So then why are some of us paying almost $30 more for a 24 than the province next to us? We’ve found prices for a case of Molson across the nation and cross-referenced that with provincial alcohol consumption data. In other words, we’re looking at who’s really getting gouged at the liquor store. Here is what we found:

The price of a 24 of Molson varies pretty widely across the country. The cheapest 24 in Canada can be purchased in Quebec for $26.99 and the most expensive is $56.65 in the Northwest Territories. The reason for the big discrepancy? Varying taxes and transportation costs. Between these two extremes there is some more nuanced pricing. Ontario ($34.95) and British Columbia ($34.99) are relatively inexpensive. Prices rise a little in the sparsely-populated Prairies, with Manitobans paying $40.49, Albertans shelling out $44.99, and Saskatchewanians getting their drink on for $46.49.

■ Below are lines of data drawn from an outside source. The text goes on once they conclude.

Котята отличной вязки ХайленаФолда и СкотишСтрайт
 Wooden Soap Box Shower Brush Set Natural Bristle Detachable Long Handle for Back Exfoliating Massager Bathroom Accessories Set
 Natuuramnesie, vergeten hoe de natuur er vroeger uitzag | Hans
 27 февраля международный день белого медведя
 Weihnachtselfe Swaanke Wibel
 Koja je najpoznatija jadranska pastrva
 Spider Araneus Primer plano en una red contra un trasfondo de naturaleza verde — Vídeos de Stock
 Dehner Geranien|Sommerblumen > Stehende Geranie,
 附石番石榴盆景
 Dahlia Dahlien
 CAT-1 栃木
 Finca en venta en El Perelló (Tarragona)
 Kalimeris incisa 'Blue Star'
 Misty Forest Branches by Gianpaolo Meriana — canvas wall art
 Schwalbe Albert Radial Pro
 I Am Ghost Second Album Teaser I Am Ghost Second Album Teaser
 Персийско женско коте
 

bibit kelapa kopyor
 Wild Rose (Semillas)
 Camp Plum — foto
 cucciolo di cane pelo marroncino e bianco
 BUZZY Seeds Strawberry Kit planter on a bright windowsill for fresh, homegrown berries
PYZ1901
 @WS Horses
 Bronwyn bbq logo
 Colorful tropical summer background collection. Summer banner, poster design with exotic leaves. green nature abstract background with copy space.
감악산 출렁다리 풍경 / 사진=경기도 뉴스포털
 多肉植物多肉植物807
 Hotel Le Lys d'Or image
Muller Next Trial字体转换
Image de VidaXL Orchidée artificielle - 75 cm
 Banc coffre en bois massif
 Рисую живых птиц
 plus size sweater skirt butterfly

These prices get a little more interesting when you start to compare them to provincial alcohol consumption. For example, Quebec, with the cheapest price for a 24 in the country also has the highest level of alcohol consumption (81.7% of its inhabitants report having a drink in the last twelve months). Alberta on the other hand with its expensive beer boasts similar drinking levels (80%), perhaps that degree of indulgence (despite the higher cost of beer) speaks to the province’s booming economy. Another interesting (regional) data point: PEI (72.7%), New Brunswick (73.3%), and Nova Scotia (73.8%) have the lowest level of alcohol consumption in the country.

We’ll see you in Quebec.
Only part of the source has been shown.